┌──

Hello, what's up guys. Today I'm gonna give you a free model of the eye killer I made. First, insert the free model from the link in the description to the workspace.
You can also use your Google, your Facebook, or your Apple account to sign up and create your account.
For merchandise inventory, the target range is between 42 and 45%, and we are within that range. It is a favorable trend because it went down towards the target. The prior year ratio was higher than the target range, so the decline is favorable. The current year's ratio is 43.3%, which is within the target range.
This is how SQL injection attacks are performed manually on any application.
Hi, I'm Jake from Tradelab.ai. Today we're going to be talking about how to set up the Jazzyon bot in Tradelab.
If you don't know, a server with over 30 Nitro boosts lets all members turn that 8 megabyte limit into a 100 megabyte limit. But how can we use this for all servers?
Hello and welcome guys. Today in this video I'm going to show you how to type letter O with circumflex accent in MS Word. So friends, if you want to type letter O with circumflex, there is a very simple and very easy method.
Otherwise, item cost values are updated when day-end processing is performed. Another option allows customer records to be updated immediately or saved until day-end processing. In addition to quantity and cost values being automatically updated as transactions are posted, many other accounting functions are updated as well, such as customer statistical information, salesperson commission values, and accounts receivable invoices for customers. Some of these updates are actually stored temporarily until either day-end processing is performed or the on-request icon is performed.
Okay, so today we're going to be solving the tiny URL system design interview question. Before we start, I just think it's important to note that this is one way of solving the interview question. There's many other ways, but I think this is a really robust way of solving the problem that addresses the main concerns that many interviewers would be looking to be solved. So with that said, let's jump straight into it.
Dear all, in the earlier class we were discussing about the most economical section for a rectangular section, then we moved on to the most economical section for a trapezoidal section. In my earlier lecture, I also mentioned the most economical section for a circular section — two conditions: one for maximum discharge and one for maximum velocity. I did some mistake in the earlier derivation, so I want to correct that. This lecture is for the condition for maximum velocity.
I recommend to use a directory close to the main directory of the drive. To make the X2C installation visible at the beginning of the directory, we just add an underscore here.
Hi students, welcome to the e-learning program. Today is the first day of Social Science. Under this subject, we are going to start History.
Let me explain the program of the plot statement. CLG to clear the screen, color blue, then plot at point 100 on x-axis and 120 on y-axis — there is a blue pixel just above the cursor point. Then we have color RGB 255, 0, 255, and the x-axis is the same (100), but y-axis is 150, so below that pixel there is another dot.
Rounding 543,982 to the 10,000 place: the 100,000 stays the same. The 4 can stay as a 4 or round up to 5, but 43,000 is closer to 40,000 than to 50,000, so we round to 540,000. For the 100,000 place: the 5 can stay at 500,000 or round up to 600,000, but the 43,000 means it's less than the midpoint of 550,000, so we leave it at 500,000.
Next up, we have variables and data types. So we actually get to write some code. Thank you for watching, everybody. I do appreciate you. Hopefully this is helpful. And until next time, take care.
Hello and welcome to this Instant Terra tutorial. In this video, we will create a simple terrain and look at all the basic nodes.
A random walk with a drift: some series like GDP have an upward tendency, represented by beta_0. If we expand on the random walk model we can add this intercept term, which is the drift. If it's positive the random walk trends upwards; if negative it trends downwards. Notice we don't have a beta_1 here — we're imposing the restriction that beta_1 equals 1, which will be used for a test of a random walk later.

└──

▶ [HOW TO COMPLETE THIS TASK]:
If a line of the data contains "video", copy it out.

▶ [RESPONSE TO THE EXERCISE]:
Hello and welcome guys. Today in this video I'm going to show you how to type letter O with circumflex accent in MS Word. So friends, if you want to type letter O with circumflex, there is a very simple and very easy method.
Hello and welcome to this Instant Terra tutorial. In this video, we will create a simple terrain and look at all the basic nodes.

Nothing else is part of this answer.